* Problem description:
The lines to copy run from the one containing "Miniatura: Cumple Sebien" through the last line of the listing; copy them exactly and nothing more.

* Supplied records:
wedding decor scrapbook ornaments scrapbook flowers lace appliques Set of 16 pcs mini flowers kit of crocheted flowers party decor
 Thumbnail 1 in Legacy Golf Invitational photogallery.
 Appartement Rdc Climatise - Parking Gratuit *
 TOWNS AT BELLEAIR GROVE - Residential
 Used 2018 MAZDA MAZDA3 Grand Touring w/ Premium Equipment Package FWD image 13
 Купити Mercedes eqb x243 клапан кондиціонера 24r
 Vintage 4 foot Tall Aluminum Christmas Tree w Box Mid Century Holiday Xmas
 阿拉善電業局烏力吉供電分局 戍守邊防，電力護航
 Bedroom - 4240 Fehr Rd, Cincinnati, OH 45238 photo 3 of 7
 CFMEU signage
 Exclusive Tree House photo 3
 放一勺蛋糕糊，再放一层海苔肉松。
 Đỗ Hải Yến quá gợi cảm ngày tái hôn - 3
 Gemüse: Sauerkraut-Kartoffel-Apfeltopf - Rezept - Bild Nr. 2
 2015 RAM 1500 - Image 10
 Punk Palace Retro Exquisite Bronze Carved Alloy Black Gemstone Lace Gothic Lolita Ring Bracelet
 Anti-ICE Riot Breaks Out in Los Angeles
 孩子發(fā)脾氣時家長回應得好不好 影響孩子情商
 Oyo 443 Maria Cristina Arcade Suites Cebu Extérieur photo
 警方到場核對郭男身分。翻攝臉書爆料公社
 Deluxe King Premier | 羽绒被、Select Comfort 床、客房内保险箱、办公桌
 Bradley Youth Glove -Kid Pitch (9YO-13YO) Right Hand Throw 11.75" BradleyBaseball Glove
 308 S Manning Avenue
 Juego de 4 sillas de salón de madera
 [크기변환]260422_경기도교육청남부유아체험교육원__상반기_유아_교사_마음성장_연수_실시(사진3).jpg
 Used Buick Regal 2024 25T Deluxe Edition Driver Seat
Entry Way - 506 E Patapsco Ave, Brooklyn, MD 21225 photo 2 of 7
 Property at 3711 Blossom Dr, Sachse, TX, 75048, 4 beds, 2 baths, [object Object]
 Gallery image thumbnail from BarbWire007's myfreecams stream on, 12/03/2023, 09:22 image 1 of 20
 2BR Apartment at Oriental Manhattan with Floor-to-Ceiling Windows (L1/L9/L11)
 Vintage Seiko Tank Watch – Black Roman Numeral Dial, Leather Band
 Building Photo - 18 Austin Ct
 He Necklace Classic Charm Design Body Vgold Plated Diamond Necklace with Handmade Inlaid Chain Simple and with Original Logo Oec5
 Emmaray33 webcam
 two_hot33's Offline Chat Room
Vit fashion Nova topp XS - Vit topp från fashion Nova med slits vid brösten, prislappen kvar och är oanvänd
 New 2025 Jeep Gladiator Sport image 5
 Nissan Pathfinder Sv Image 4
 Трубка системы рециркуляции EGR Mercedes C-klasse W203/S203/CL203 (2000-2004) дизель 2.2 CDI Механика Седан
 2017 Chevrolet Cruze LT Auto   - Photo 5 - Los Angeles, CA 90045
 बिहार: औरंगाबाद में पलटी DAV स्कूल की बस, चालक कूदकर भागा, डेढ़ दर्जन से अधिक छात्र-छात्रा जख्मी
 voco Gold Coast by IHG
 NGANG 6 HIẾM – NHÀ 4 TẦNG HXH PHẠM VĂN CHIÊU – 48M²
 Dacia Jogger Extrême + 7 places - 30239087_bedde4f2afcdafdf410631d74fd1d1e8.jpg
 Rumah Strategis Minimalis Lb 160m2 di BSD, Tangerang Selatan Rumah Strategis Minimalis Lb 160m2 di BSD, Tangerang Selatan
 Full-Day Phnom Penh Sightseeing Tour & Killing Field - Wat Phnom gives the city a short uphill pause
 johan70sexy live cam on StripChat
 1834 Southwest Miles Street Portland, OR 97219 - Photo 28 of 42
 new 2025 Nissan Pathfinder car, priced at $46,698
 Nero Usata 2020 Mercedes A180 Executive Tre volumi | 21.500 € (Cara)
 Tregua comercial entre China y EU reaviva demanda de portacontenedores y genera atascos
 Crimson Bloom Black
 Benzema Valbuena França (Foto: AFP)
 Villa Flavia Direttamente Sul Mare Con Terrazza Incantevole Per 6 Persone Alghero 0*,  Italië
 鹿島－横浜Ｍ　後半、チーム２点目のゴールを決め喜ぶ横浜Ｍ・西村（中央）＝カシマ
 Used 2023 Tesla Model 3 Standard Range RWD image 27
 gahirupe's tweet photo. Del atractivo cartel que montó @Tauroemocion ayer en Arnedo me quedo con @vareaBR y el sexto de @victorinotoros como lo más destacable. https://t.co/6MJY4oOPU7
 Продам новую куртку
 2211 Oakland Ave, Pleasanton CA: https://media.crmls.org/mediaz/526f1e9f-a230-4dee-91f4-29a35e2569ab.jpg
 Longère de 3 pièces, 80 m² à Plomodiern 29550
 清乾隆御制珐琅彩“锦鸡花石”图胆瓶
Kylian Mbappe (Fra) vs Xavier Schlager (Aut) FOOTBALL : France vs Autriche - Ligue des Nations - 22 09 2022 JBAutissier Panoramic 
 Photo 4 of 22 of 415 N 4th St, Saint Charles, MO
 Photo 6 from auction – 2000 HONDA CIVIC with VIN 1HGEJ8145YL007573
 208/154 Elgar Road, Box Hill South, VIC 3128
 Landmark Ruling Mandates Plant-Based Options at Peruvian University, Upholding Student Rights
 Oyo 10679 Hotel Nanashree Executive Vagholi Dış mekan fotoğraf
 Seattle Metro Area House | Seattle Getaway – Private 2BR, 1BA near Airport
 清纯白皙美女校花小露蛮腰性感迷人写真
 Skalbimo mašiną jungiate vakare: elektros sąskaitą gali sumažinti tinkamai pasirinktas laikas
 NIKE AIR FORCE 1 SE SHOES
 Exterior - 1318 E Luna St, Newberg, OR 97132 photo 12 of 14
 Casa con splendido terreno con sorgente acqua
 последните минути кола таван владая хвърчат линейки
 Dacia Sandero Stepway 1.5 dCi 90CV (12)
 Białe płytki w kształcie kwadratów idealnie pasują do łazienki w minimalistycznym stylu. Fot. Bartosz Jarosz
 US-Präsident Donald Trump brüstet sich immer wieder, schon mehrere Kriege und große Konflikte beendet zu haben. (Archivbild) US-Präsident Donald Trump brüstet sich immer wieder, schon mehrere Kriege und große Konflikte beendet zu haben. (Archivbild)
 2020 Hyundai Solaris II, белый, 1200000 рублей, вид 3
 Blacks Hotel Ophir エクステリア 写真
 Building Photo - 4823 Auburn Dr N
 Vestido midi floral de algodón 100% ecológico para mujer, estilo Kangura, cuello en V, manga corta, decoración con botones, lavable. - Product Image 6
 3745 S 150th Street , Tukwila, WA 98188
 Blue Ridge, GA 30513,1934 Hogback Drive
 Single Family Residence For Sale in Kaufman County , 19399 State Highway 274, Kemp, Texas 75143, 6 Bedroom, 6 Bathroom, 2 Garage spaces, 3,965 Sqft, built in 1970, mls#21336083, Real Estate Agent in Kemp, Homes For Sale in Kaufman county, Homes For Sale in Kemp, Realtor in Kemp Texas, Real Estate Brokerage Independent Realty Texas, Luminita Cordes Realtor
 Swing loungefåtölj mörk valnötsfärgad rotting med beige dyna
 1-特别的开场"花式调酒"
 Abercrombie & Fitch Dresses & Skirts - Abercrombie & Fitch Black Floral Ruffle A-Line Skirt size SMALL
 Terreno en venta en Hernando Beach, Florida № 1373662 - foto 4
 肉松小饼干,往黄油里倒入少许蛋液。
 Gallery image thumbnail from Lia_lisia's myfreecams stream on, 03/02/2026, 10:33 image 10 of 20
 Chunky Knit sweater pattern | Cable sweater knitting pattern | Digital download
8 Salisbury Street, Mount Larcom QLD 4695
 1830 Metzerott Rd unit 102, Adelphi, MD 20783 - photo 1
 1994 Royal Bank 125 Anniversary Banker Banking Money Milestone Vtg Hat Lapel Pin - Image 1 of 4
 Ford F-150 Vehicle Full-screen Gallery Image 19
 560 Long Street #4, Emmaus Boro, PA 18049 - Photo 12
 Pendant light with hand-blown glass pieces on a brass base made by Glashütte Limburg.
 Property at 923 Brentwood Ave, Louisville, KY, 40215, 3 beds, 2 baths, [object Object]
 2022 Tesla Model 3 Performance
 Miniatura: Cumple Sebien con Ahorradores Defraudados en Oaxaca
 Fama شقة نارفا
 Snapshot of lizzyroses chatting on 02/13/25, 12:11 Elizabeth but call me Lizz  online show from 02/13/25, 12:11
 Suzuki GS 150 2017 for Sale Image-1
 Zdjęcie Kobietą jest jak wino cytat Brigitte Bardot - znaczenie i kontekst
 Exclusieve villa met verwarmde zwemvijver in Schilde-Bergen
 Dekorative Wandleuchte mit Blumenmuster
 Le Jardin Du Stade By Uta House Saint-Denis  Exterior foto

* Output of the exercise:
 Miniatura: Cumple Sebien con Ahorradores Defraudados en Oaxaca
 Fama شقة نارفا
 Snapshot of lizzyroses chatting on 02/13/25, 12:11 Elizabeth but call me Lizz  online show from 02/13/25, 12:11
 Suzuki GS 150 2017 for Sale Image-1
 Zdjęcie Kobietą jest jak wino cytat Brigitte Bardot - znaczenie i kontekst
 Exclusieve villa met verwarmde zwemvijver in Schilde-Bergen
 Dekorative Wandleuchte mit Blumenmuster
 Le Jardin Du Stade By Uta House Saint-Denis  Exterior foto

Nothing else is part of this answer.